Women have yet to reach equality with men in any country, but they come closest in Sweden, followed by Finland and then the United States, a study by a private population group concludes.

"The world's poorest women are not merely poor. They live on the edge of subsistence. They are economically dependent and vulnerable, politically and legally powerless," said Sharon L. Camp, vice president of the committee which studies population issues.Scoring well in many categories, particularly in social equality and employment opportunities, Sweden was ranked first in women's status. Finland was listed as No. 2, while the United States placed third, doing particularly well in providing educational opportunities for women. No country managed to be listed as "excellent," however.
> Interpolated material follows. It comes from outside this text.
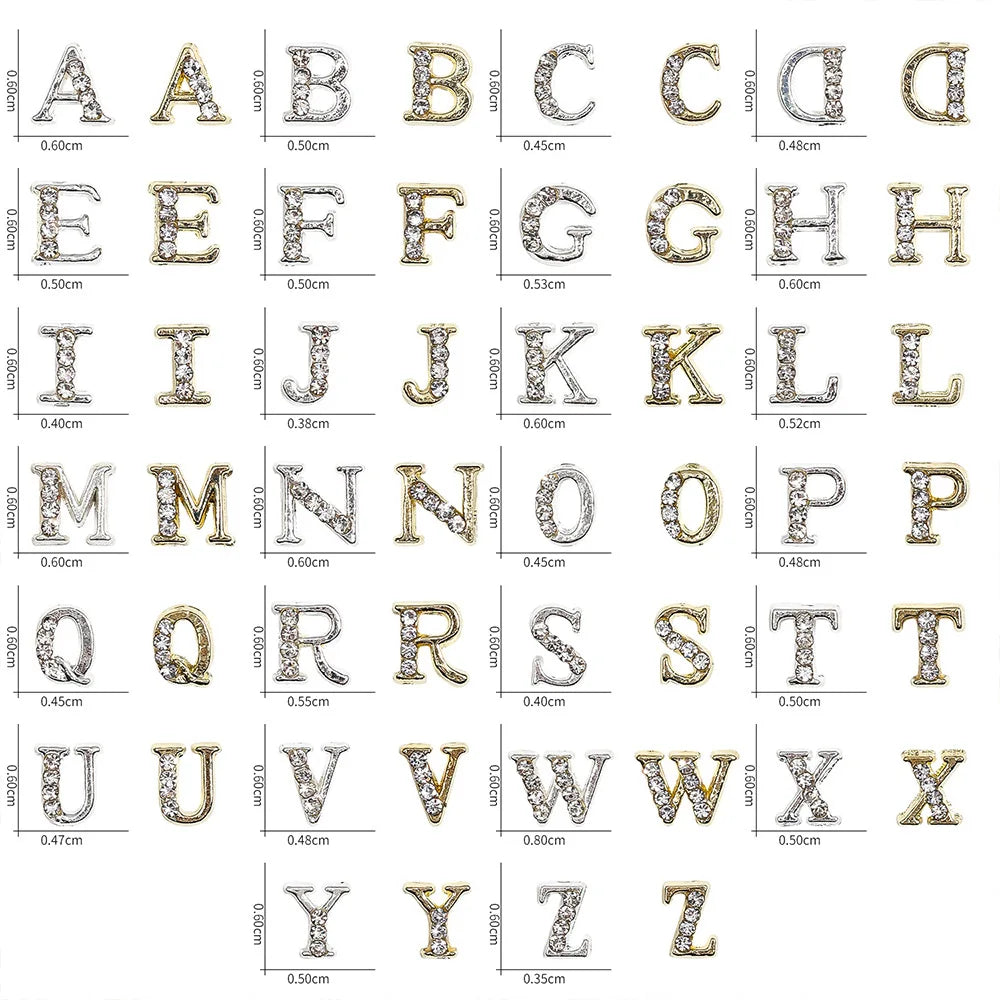 26Pcs Silver Rhinestone Alphabet Nail Charms Set-A-Z Letters Nail Gems,Custom Name Initial Nail Art Decorations for DIY Nail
Sweden led the "very good" section and was joined by Finland, the United States, East Germany, Norway, Canada and Denmark.

Bangladesh finished a distant last, with Mali, Afghanistan, North Yemen and Pakistan rounding out the bottom five.

The ratings are based on measures of women's status in health, marriage and children, education, employment and social equality.

Nowhere do women enjoy equal status with men, the report said.

"But in the least developed countries of Africa, the Middle East, Asia and Latin America, crushing poverty overlaid with longstanding patterns of discrimination create living conditions for women almost too harsh to imagine," the report said.

Here are some of the areas of women's status:

-Health: This category included infant and child mortality, mortality of women in their childbearing years and life expectancy. Finland was the top-ranked with a rating of 20. Austria and France were close at 19.5. The United States scored 19.

Marriage and Children: This ranking was based on the percent of women who marry while still adolescents, national fertility rate, prevalence of contraceptive use and ratio of widows and divorced women heading households.

-Education: This category covered school and college enrollment of women, percentage of women teachers and differences in literacy rates between men and women. The United States ranked first at 18.5 points, followed by Jamaica with 18. Sweden managed only 15.5 here.

-Employment: The employment category was based on the percentage of women working for pay, the share who are self-employed and the number in technical and professional occupations. Sweden was tops in women's employment at 14.5 points, followed by East Germany at 13.5 and Mozambique and the Soviet Union at 12.5 each. The United States scored 10.

-Social Equality: This category generally measured women's political and legal equality with men, the degree to which they can expect equal treatment in the workplace, property rights, rights in divorce and protection from discrimination. Finland and Sweden were tops with 18.5 points each. The United States managed 16.5.